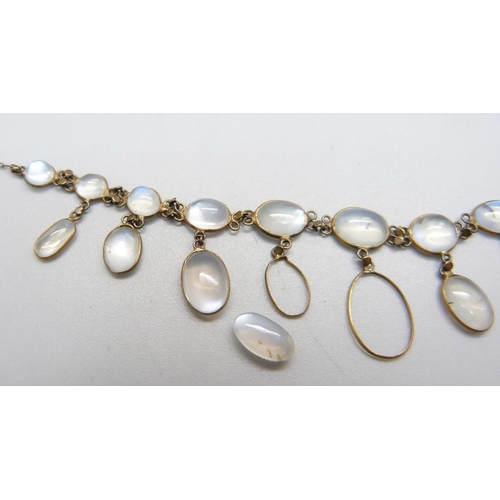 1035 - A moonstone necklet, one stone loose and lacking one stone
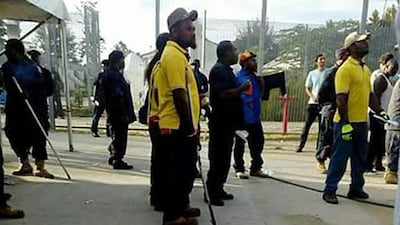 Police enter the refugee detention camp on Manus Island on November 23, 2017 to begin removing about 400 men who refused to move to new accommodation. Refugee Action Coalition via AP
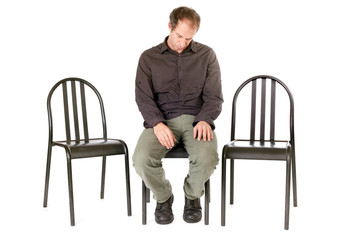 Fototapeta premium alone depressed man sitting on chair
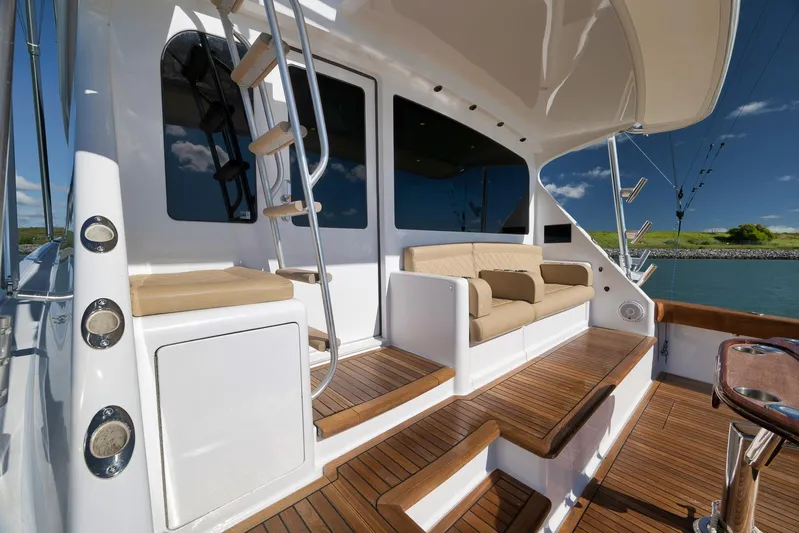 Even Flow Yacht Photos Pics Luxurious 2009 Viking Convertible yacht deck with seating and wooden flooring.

...

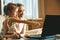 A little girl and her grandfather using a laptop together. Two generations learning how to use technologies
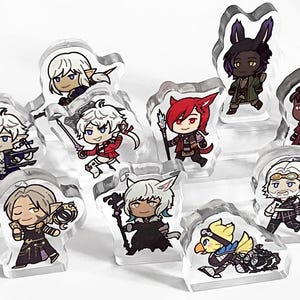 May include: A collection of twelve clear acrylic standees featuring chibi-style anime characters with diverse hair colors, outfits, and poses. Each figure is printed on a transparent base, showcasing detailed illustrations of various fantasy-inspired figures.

* * *

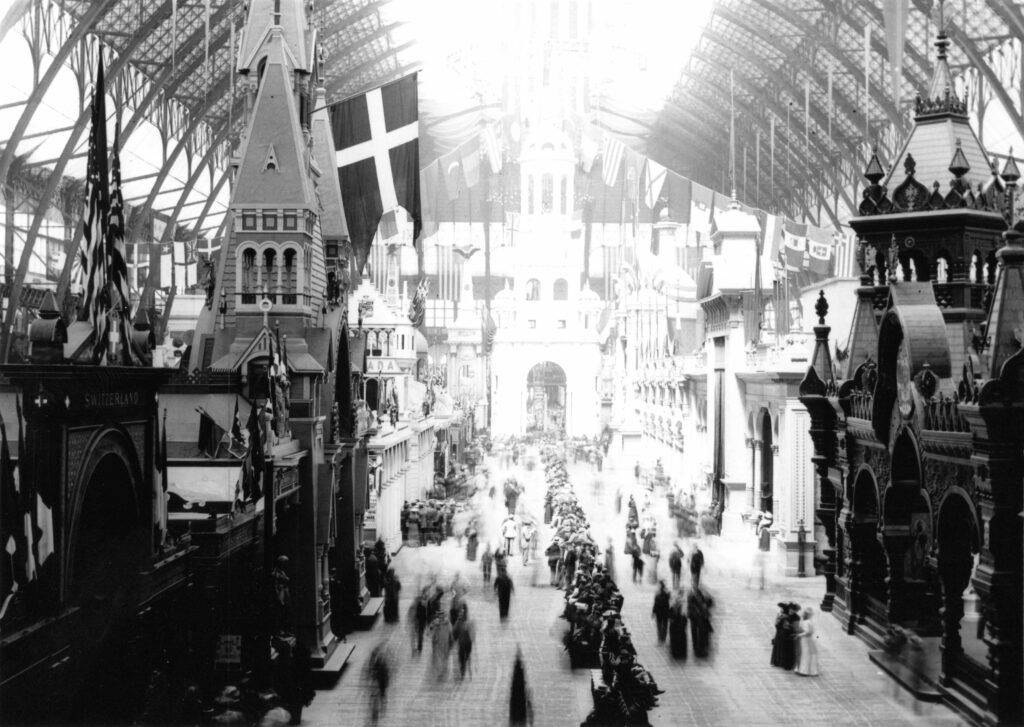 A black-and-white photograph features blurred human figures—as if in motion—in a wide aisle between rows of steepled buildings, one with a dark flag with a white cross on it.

WHAT IS BEING ASKED: Above are the records; copy from them only the lines starting at the one containing "Police enter the" and ending at the one containing "Fototapeta premium alone", exactly and without pictures.

OUTPUT OF THE TASK:
 Police enter the refugee detention camp on Manus Island on November 23, 2017 to begin removing about 400 men who refused to move to new accommodation. Refugee Action Coalition via AP
 Fototapeta premium alone depressed man sitting on chair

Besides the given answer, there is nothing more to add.